Jon Husband’s recent interview of Dave Snowden regarding “The impact of Web 2.0 on Knowledge Work and Knowledge Management” is an outstanding KM 1.0 retrospective requiem. The conversation is more of what I had hoped to hear from Dave at the Boston KM Forum a few weeks earlier — alas, the KM Forum content was a bit more a catch-up on some of Dave’s post-IBM work and thinking, and although valuable as that, it didn’t connect-the-dots between the past and the future as well as this ‘podcast’ did. Now, taking the two conversations together, I feel have closer to the snapshot I needed, and I couldn’t be more thrilled.

Dave is able to articulate better than I ever could much of what my gut has been trying to tell me as I reflect back on my journey as a Director of a KM group vintage 1999-2005 and as I look forward to a potential return to a similar role within a different company (next round of interviews willing.)
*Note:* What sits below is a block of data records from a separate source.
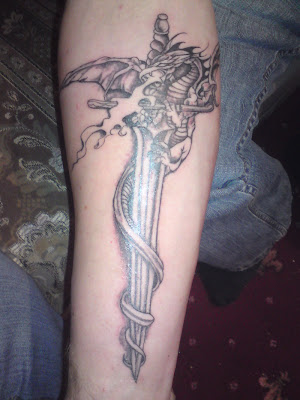 Sword and dragon tattoo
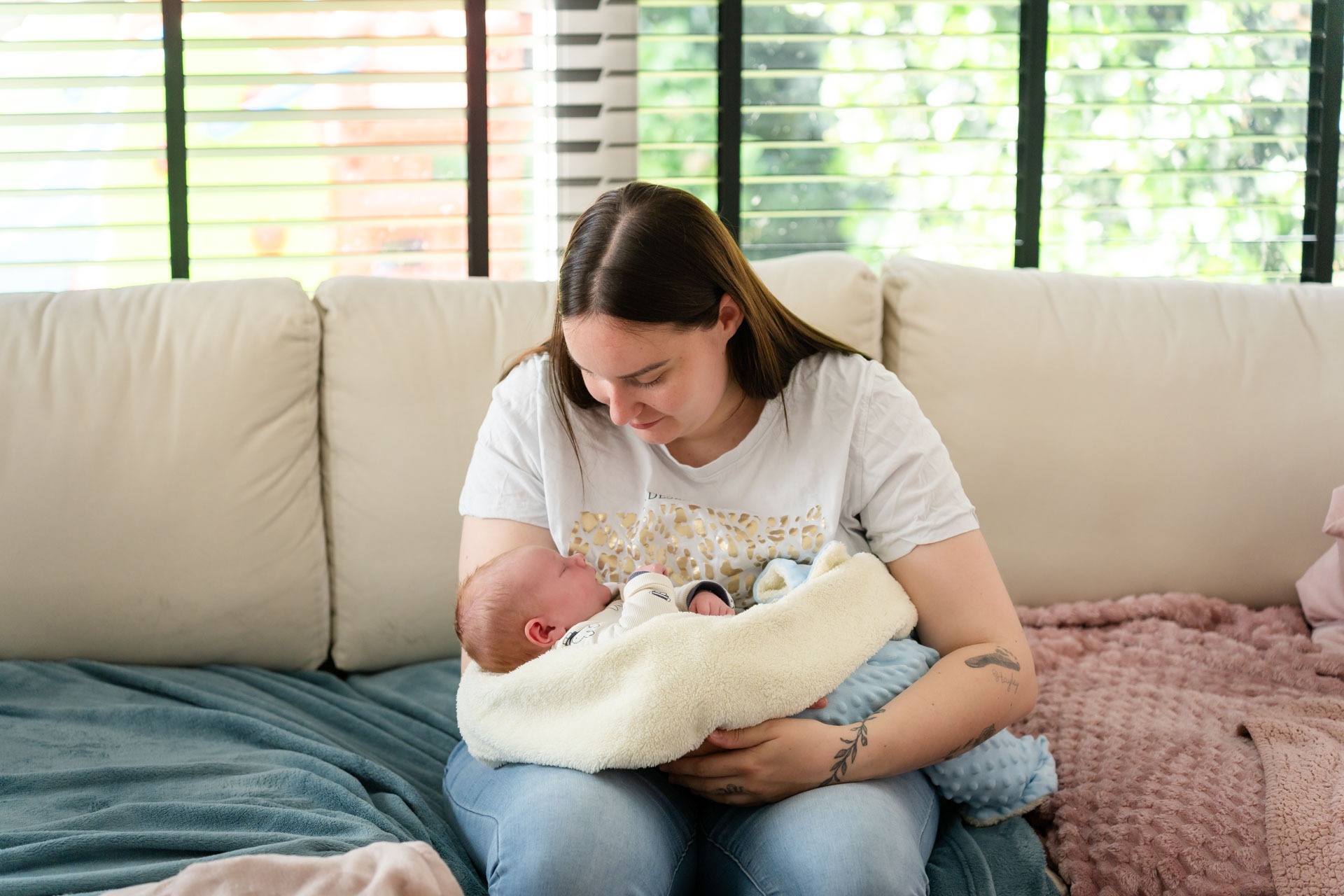 Mama houdt haar pasgeboren baby vast op de bank tijdens newbornshoot aan huis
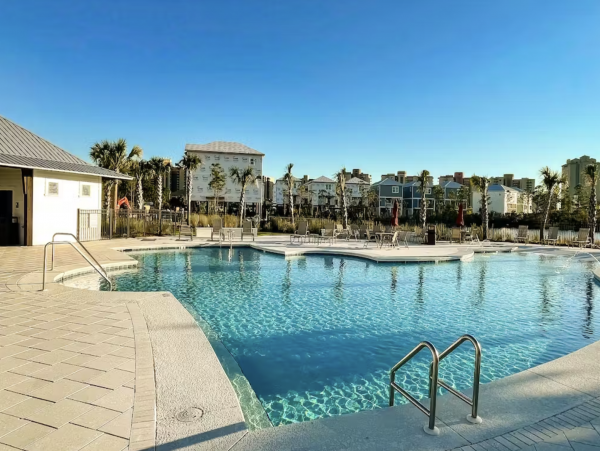 Luxury Four Bedroom Beach Home with Shared Pool Walk to Beach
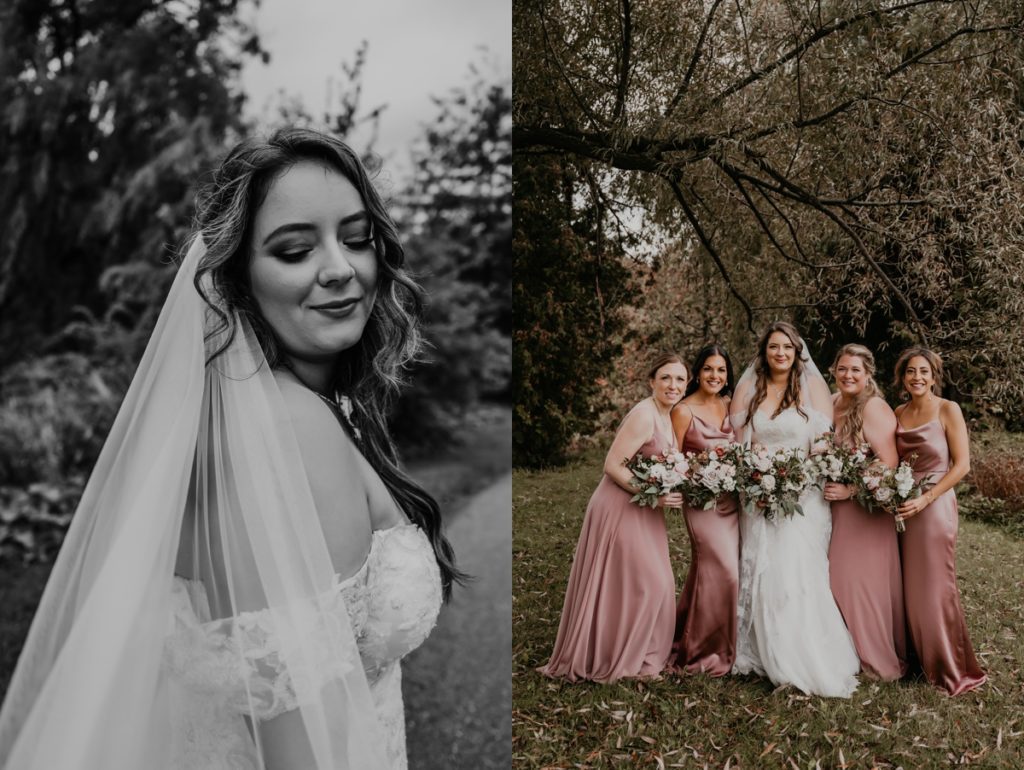 Bride and her four bridesmaids, wearing dusty rose, stand in front of a willow tree on the grounds of the Luso Valley Estate Farm for a wedding day portrait. All of the girls are looking at the camera and smiling.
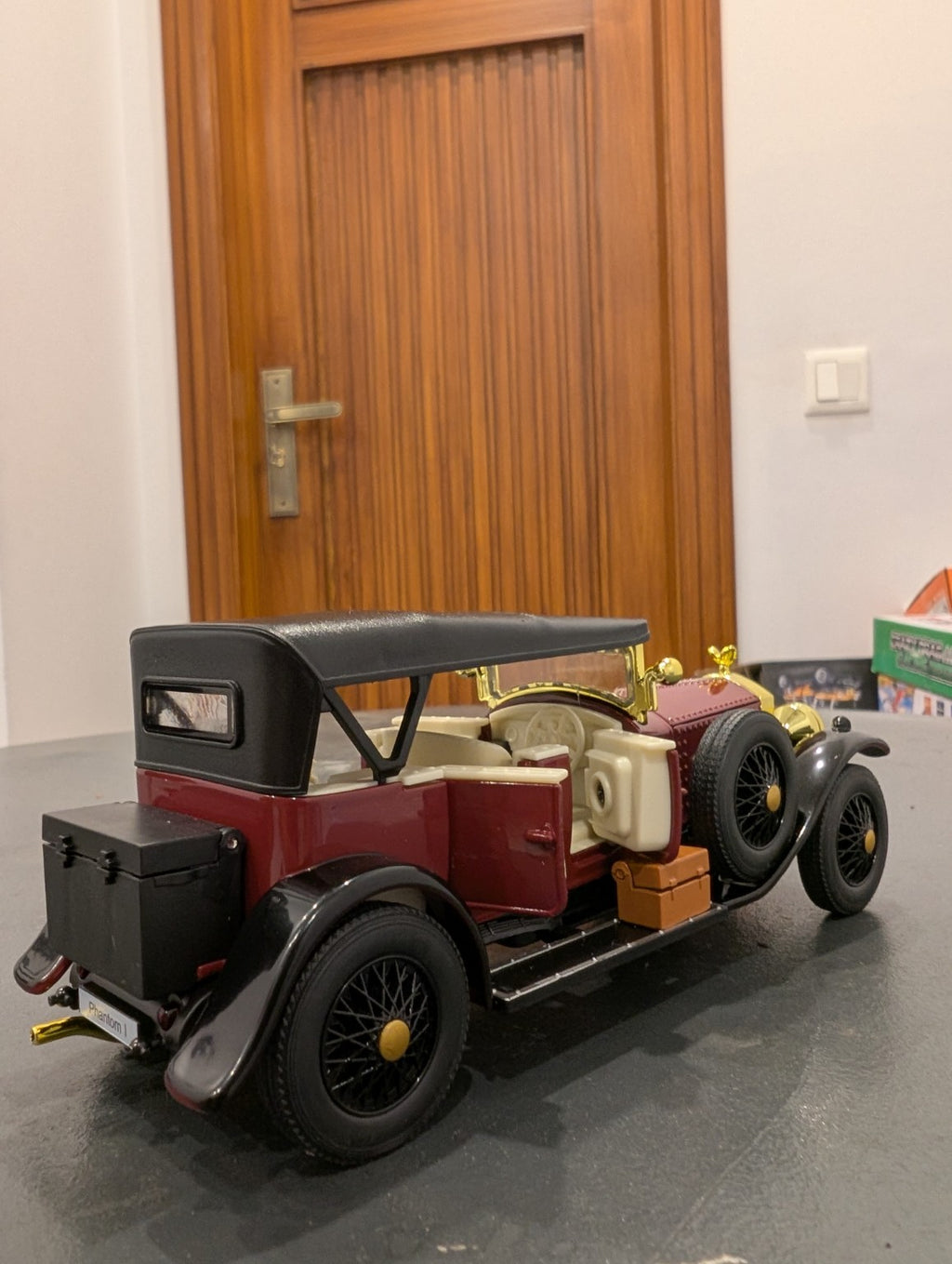 Burgundy 1:32 vintage diecast model car, rear view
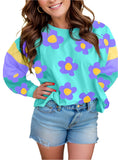 Woman wearing a playful floral long sleeve top with bold purple and yellow flowers on a teal background.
My main take-aways are the following, which are heavily paraphrased to facilitate my own recall and application:

  • KM got too hung-up on trying to structure what fundamentally can’t be structured — note to self: include historical approach to communities of practice here, as well as the even more obvious “the big library in the sky” approaches with their desire to “capture or harvest knowledge.”
  • If you are asking “how to create a knowledge sharing culture?,” you really don’t understand. It is a stupid question. Rather, ask “what you can do to encourage and facilitate connections?” Leading to…the best role for a KM Director today is to help facilitate connections.
  • Knowledge transfer is, and needs, to be self-organizing
  • Never use rewards or incentives for information contributions as this leads to gaming by those that are better at managing than at creating/innovating
  • The KM journey from ten years ago would have been much more successful if it had the Web 2.0 tools of today
  • The concept of a “knowledge audit” is misplaced as “audit” implies static physical assets. Knowledge is created at the moment of need, not something that is available as if inventory on the shelf.
  • Work with business processes from top-down and knowledge objects (anything that we can coherently manage) from bottom-up.
  • We do need some level of structure to facilitate recall and findability
  • And, computers can’t successfully tag content. The author/speaker must label their own content. Their ‘naming’ is critical and typical will be words that do not appear in the narrative itself (Dave also discussed this at the Boston event)
  • Similar to KM (as practiced in its first ten years), centralized standardized dictated IT is going to need to go away. Security concerns are real and should focus on protecting corporate data, not in regimenting the means of collaboration.
  • Human Resources (HR) is also in for a rough ride as successful companies move to more self-organizing of work…including people, tools and methods.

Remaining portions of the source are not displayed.